* **Work task**
Print this span of the material below exactly: the line with "Drone shot of", the line with "A Kent State", and every line between them, but nothing else.

* **Information shown**
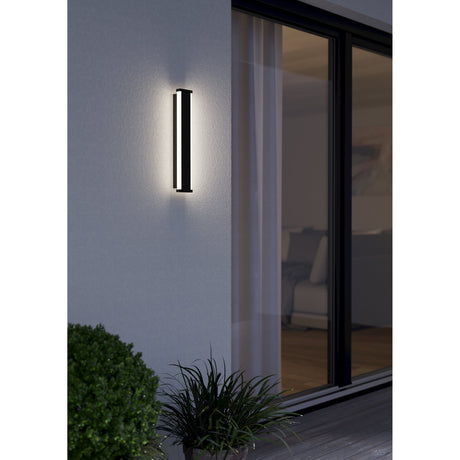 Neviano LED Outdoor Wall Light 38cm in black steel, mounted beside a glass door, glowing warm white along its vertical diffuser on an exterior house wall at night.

==

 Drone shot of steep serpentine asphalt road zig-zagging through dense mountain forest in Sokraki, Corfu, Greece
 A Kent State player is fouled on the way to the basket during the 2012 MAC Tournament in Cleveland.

---

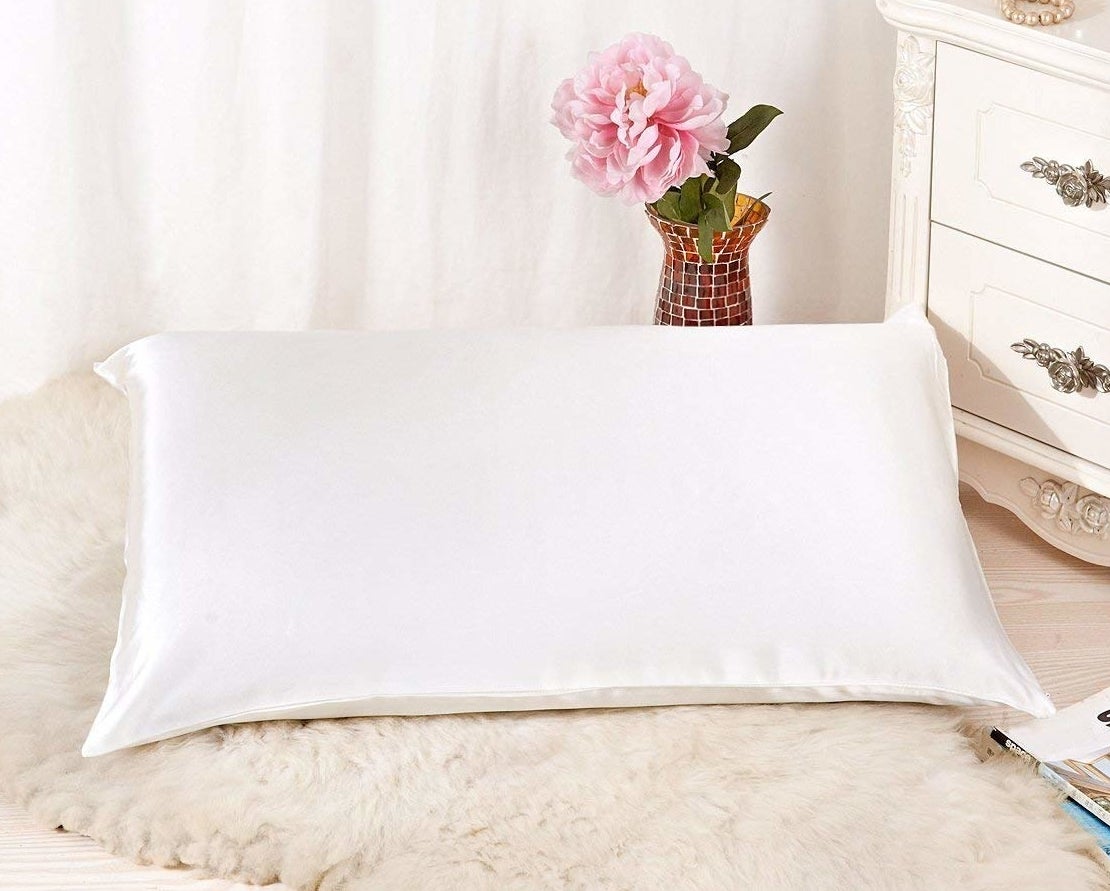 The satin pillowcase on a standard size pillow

* **Result of this task**
 Drone shot of steep serpentine asphalt road zig-zagging through dense mountain forest in Sokraki, Corfu, Greece
 A Kent State player is fouled on the way to the basket during the 2012 MAC Tournament in Cleveland.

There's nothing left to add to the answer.